* **Assignment**
Leave out the pictures and output the data verbatim.

* **Stored data**
===

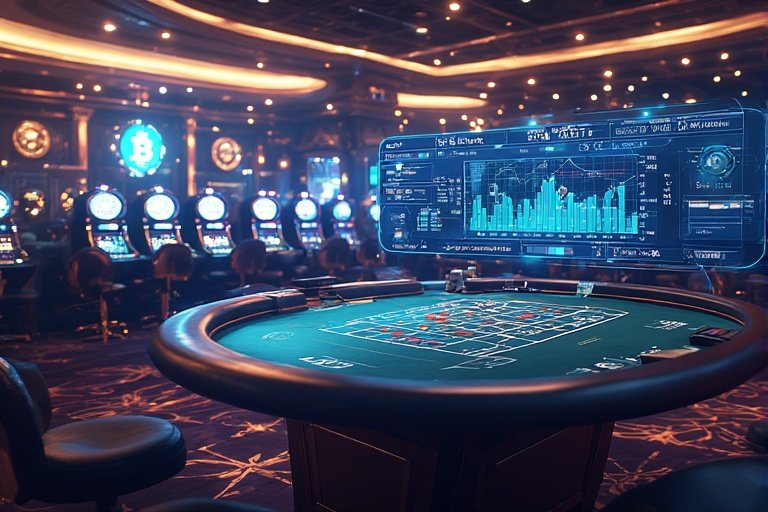 Live baccarat betting environment with a fast USDT crypto transaction visualized as real-time data flow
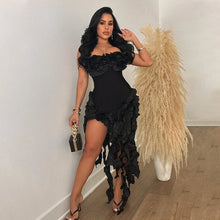 Women Strapless Ruffles Tassel Splicing Irregular Birthday Bodycon Midi Maxi Dress 2025 Even Sexy Party Dresses Vestidos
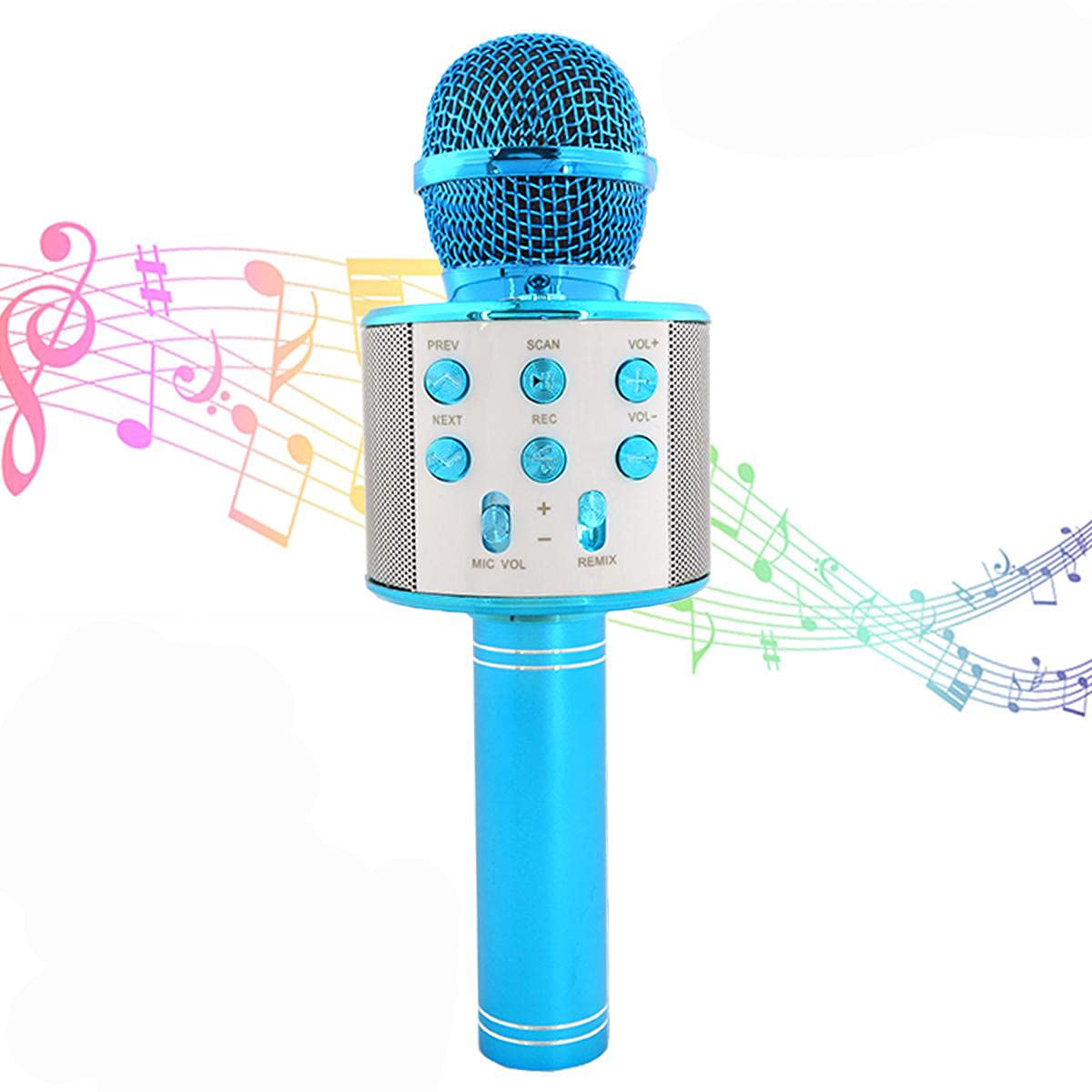 Karaoke Wireless Microphone Speaker, Portable Handheld Bluetooth Home KTV Player, Compatible with Android & iOS Devices for Singing Party, Blue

===

* **Answer to this task**
 Live baccarat betting environment with a fast USDT crypto transaction visualized as real-time data flow
 Women Strapless Ruffles Tassel Splicing Irregular Birthday Bodycon Midi Maxi Dress 2025 Even Sexy Party Dresses Vestidos
 Karaoke Wireless Microphone Speaker, Portable Handheld Bluetooth Home KTV Player, Compatible with Android & iOS Devices for Singing Party, Blue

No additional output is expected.